The timeline here is very surprising — before 1970, obesity rates worldwide were almost always 10% or less. This is clearly a mystery that needs to be accounted for, so we really appreciate evocamp pointing us to this example.
If the contamination theory is right, we should be able to find evidence that the Pima were exposed to some contaminants, maybe from mining, as early as 1937. If the contamination theory is REALLY right, then we should be able to find evidence that the Pima were exposed to livestock antibiotics, PFAS, or lithium. We know that PFAS hadn’t been invented back then and antibiotics weren’t rolled out until a bit later, so that kind of leaves lithium.
Lithium was first mined in the United States in 1889. As far as we can tell, none of the early mines were in Arizona, but records from that period are spotty. There are lithium deposits in Arizona, so maybe there was a way for it to somehow get into the water supply. Around 1924, the government built a dam on the Gila river which halted the river waters, which caused the Pima to seek new water sources. Maybe it led to them switching to a water source that contained more lithium.
Or lithium could have been introduced some other way. For example, this report says, “In the Gila River Valley, deep petroleum exploration boreholes were drilled during the early 1900’s through the thick layers of gypsum and salty clay found throughout the valley. Although oil was not found, salt brines are now discharging to the land surface through improperly sealed abandoned boreholes, and the local water quality has been degraded.” Hm, that’s interesting. Did you know lithium is common in clays and oil-field brines?

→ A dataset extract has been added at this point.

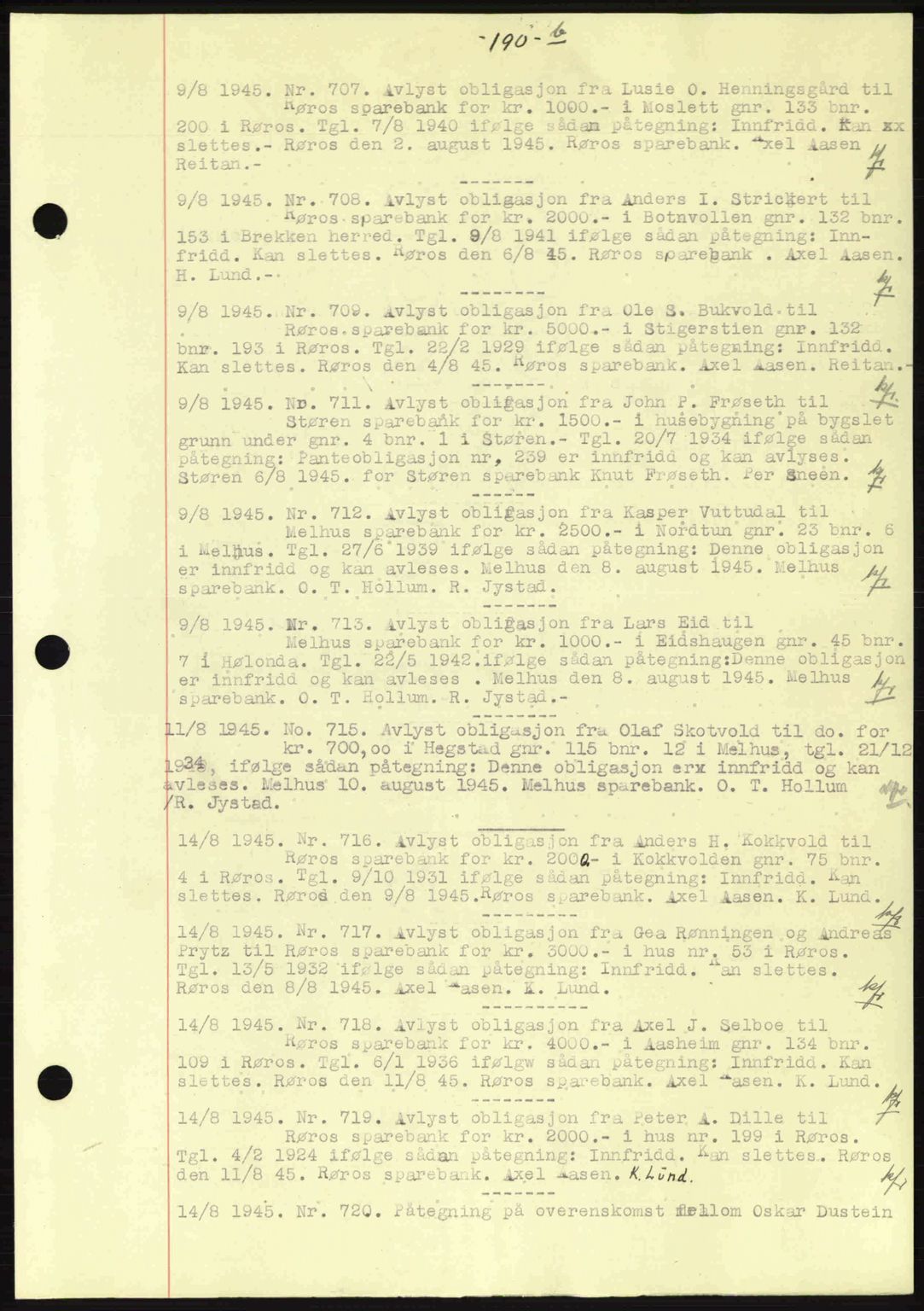Gauldal sorenskriveri, SAT/A-0014/1/2/2C: Pantebok nr. A1a, 1945-1945, Dagboknr: 707/1945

The report also notes that “lithium is found in the groundwater of the Gila Valley near Safford.” There’s also this USGS report which says a Wolfberry plant (genus Lycium) “was sampled on lands inhabited by the Pima Indians in Arizona; it contained 1,120 ppm lithium in the dry weight of the plant.” To give that number some context, “an average of 150 ppm lithium in the ash and 25.8 ppm in the dry weight of all plants that were collected in both closed and open arid basins is considerably higher than the average of 1.3 ppm in dry weight reported for plants growing in a nonarid climate.” There was serious lithium contamination in this valley as early as 1974!

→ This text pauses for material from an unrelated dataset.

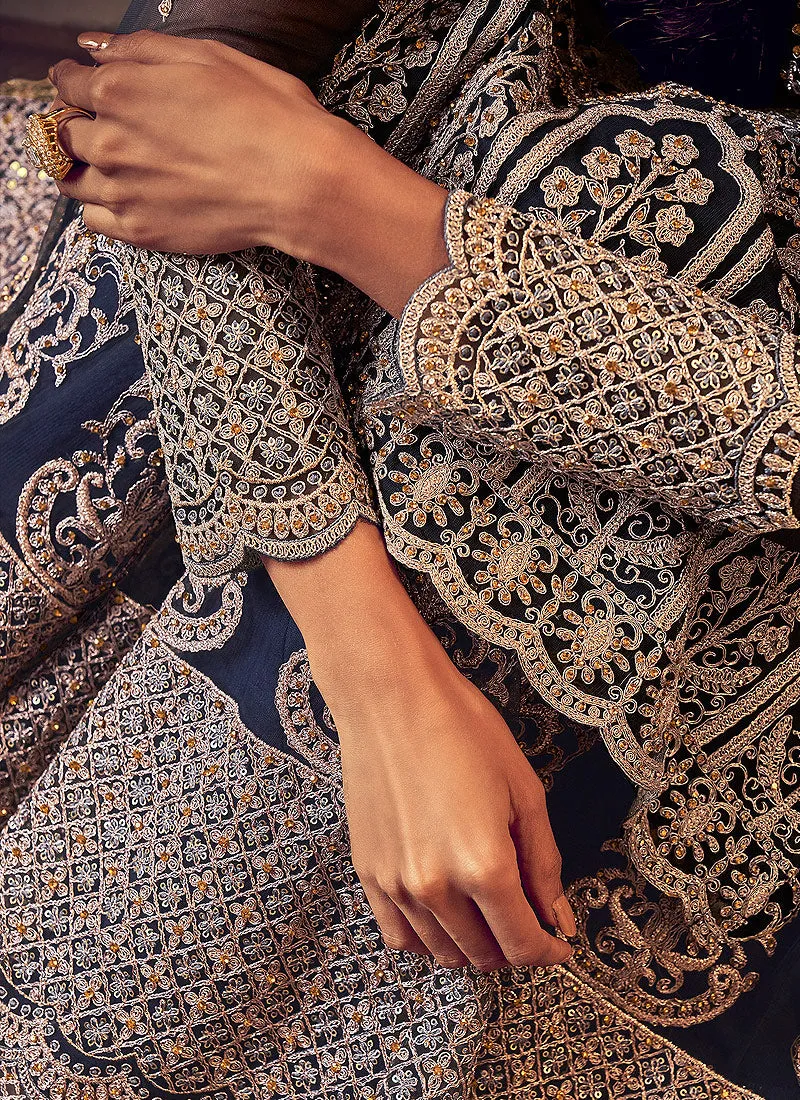 Dark Blue Traditional Sharara Suit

Also regarding the 1974 source, another USGS report says, “Sievers and Cannon (1974) expressed concern for the health problem of Pima Indians living on the Gila River Indian Reservation in central Arizona because of the anomalously high lithium content in water and in certain of their homegrown foods.”
We couldn’t have cherry-picked this example, because u/evocomp proposed it. The early and extreme incidence of obesity in the Pima is clearly a mystery that needs explaining, and sure enough, we found strong evidence for lithium contamination that fits the timeline of diabetes and obesity in the Pima.

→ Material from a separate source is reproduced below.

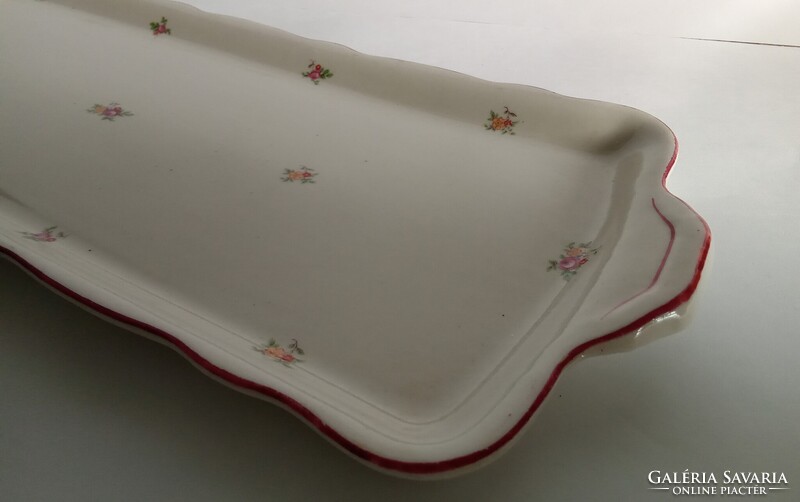 Apró virág mintás Zsolnay porcelán süteményes szendvicses tál tálca 42 x 16 cm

This seems like additional strong evidence that lithium causes obesity even at nonclinical levels. In fact, it is especially strong evidence that trace lithium alone can cause extremely high rates of obesity! There were many other groups of Native Americans living in largely similar conditions all over the country, but none of these groups were around 40% obese by 1970. It can’t be food or shelter or oppression by the US government because these things were more or less common to all groups — the difference between the Pima and other Native Americans is that the Pima were being exposed to huge doses of lithium in their food and water and other groups weren’t.